-- EXERCISE REQUIREMENTS --
Please reproduce, exactly as given, the lines running from the start of the data to the line containing "4122 17TH ST N, ARLINGTON, Virginia", inclusive, and omit the pictures.

-- DATA IN THIS EXERCISE --
=== Begin Enclosure ===
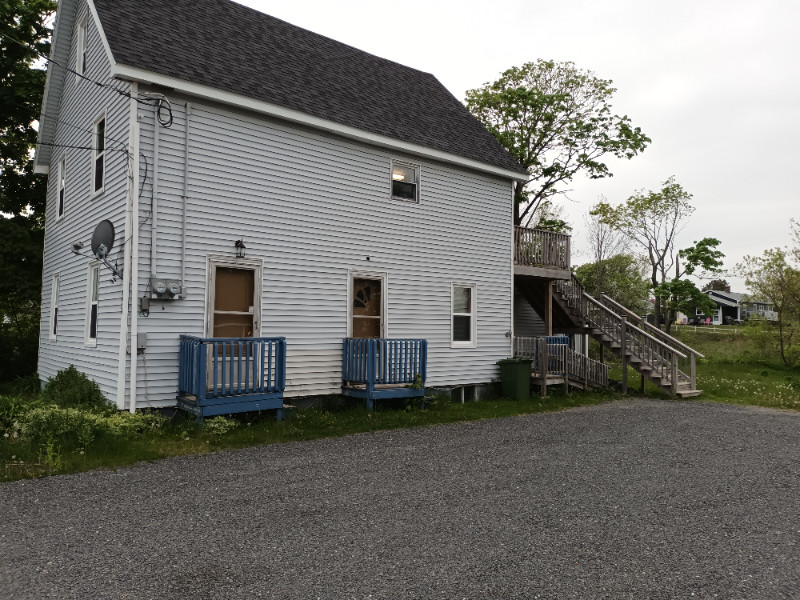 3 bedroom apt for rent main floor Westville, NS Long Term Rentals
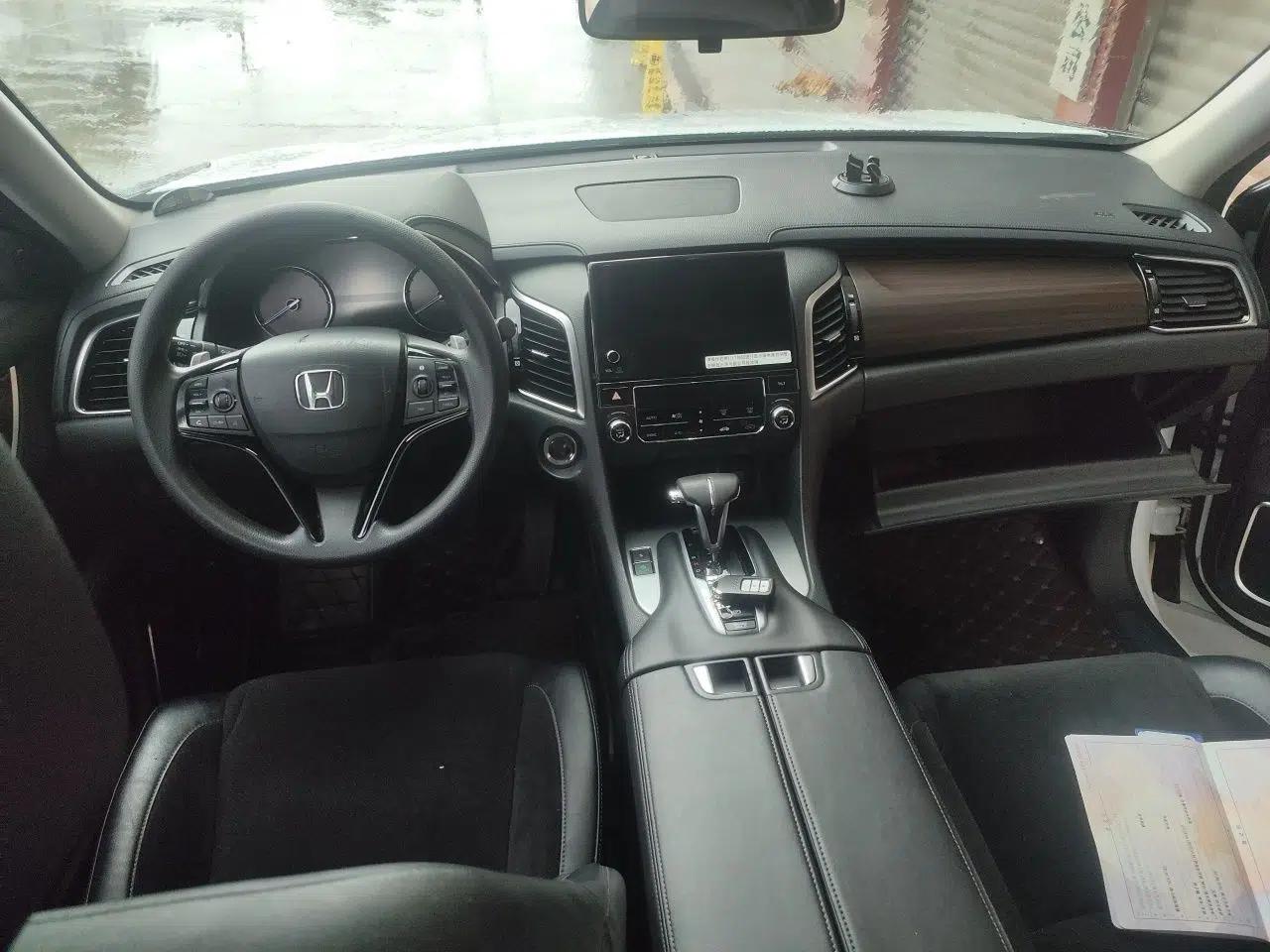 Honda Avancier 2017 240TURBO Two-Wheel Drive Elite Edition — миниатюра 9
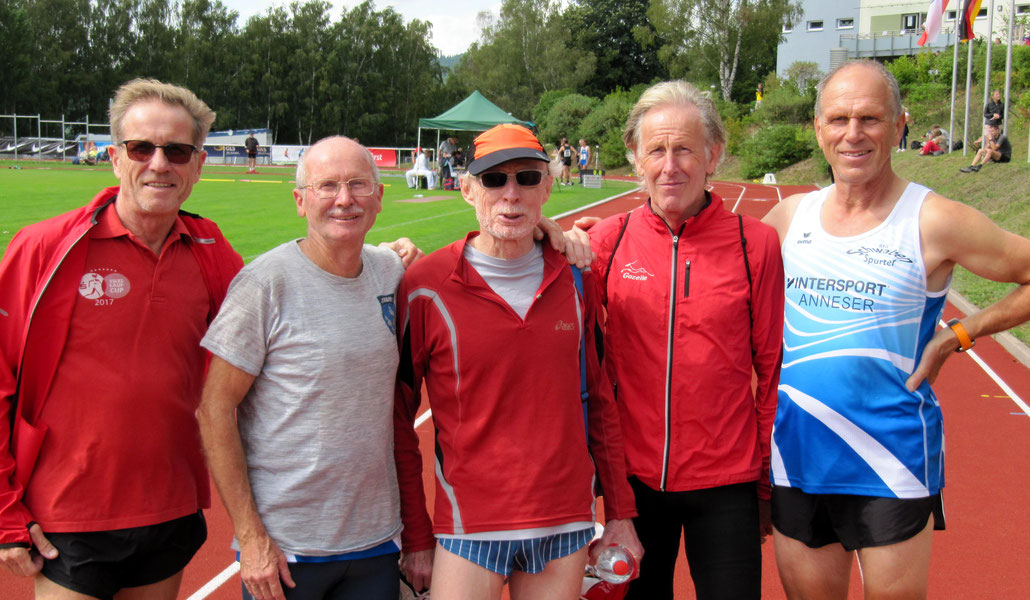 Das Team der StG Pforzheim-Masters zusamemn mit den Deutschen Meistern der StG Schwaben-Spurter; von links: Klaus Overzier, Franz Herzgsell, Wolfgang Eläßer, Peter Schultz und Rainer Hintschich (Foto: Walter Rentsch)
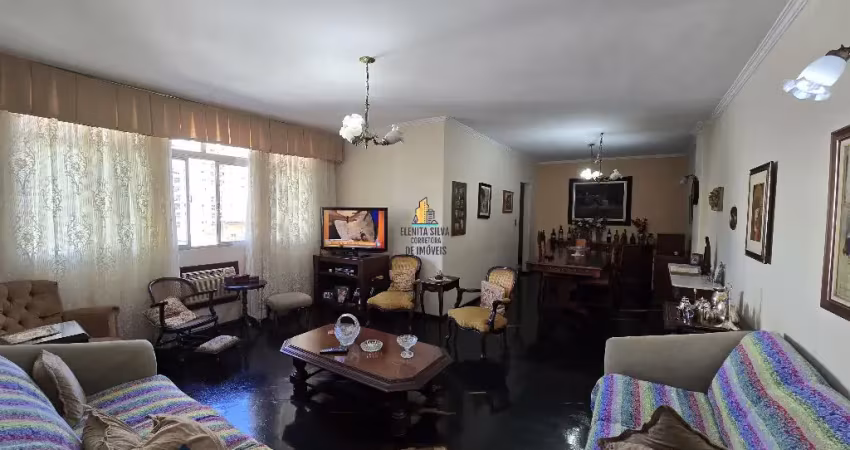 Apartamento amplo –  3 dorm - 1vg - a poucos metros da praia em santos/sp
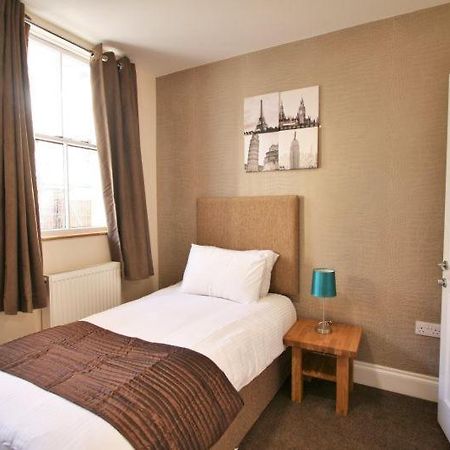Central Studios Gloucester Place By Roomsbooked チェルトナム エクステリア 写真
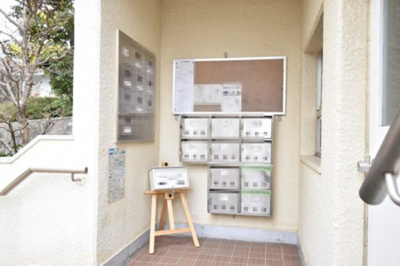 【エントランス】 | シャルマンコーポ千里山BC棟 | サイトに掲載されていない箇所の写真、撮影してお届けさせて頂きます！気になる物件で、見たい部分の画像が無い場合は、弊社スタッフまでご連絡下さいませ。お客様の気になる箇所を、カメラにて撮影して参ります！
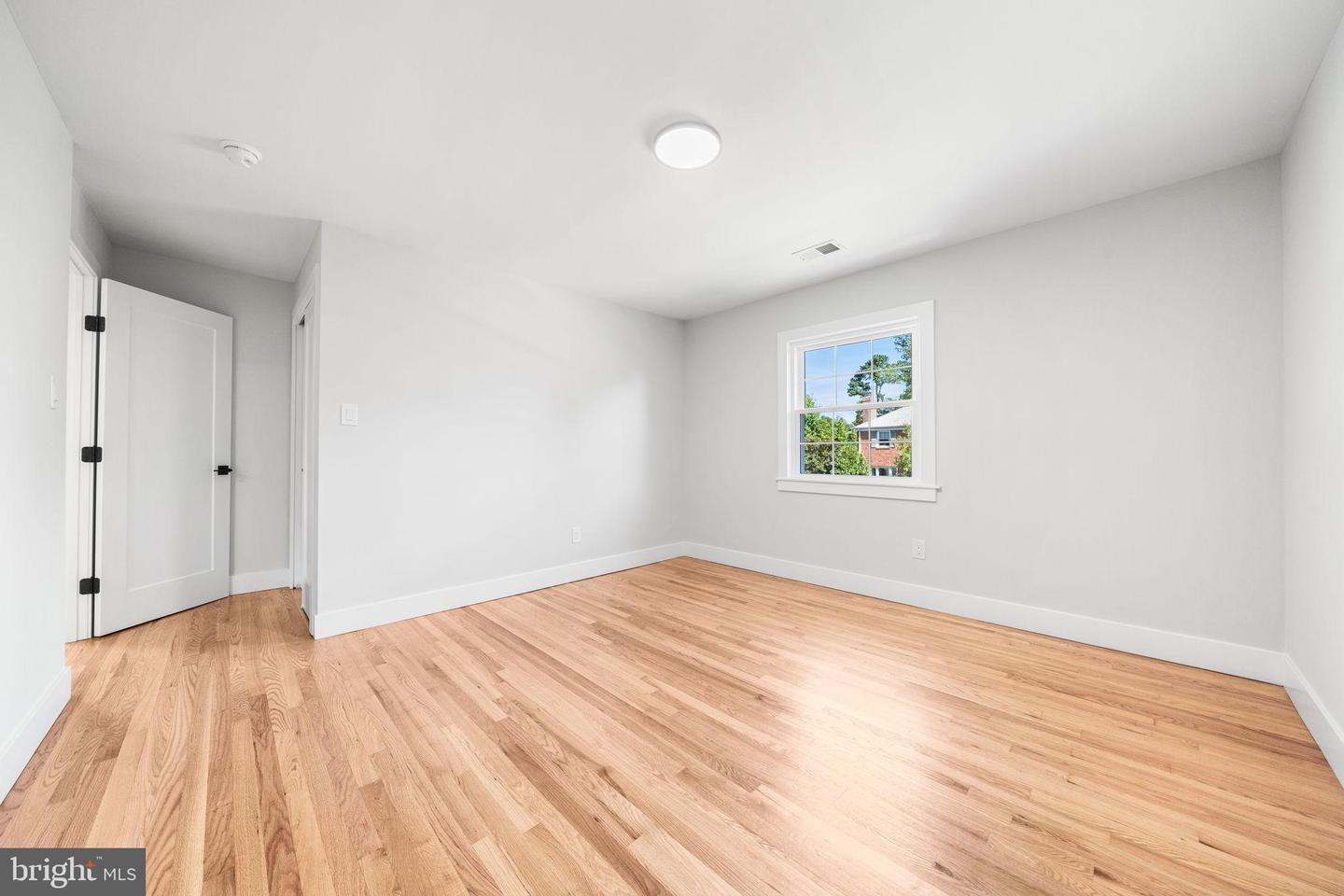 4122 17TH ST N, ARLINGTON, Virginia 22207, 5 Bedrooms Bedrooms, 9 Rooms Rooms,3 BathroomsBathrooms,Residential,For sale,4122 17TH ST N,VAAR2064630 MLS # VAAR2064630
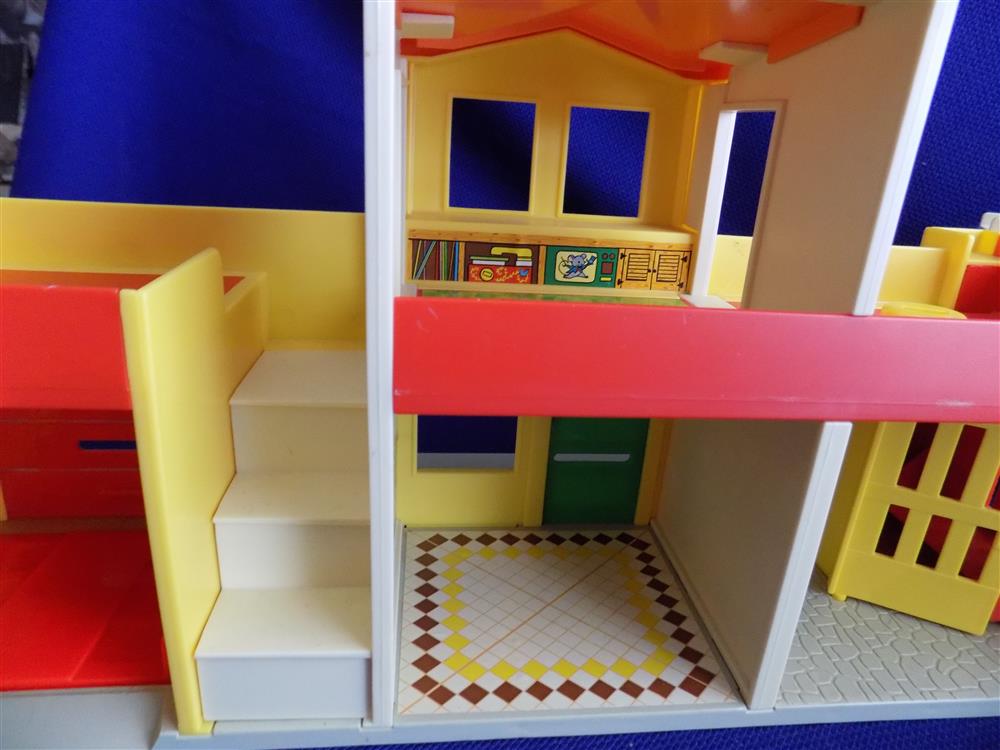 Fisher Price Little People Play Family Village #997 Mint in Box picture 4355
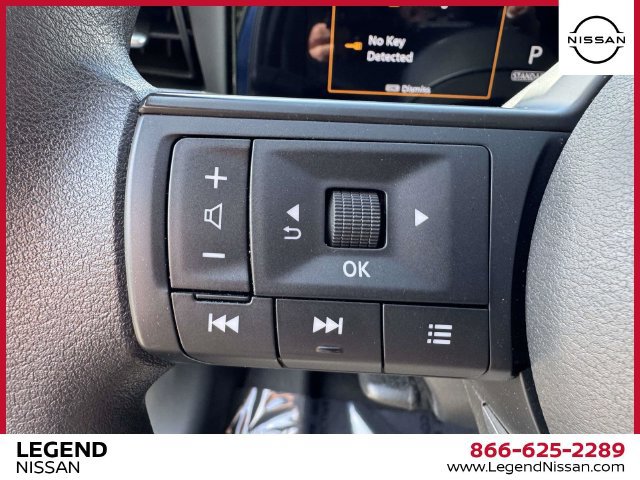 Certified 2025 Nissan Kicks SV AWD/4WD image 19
=== End Enclosure ===
-- SOLUTION BELOW --
 3 bedroom apt for rent main floor Westville, NS Long Term Rentals
 Honda Avancier 2017 240TURBO Two-Wheel Drive Elite Edition — миниатюра 9
 Das Team der StG Pforzheim-Masters zusamemn mit den Deutschen Meistern der StG Schwaben-Spurter; von links: Klaus Overzier, Franz Herzgsell, Wolfgang Eläßer, Peter Schultz und Rainer Hintschich (Foto: Walter Rentsch)
 Apartamento amplo –  3 dorm - 1vg - a poucos metros da praia em santos/sp
Central Studios Gloucester Place By Roomsbooked チェルトナム エクステリア 写真
 【エントランス】 | シャルマンコーポ千里山BC棟 | サイトに掲載されていない箇所の写真、撮影してお届けさせて頂きます！気になる物件で、見たい部分の画像が無い場合は、弊社スタッフまでご連絡下さいませ。お客様の気になる箇所を、カメラにて撮影して参ります！
 4122 17TH ST N, ARLINGTON, Virginia 22207, 5 Bedrooms Bedrooms, 9 Rooms Rooms,3 BathroomsBathrooms,Residential,For sale,4122 17TH ST N,VAAR2064630 MLS # VAAR2064630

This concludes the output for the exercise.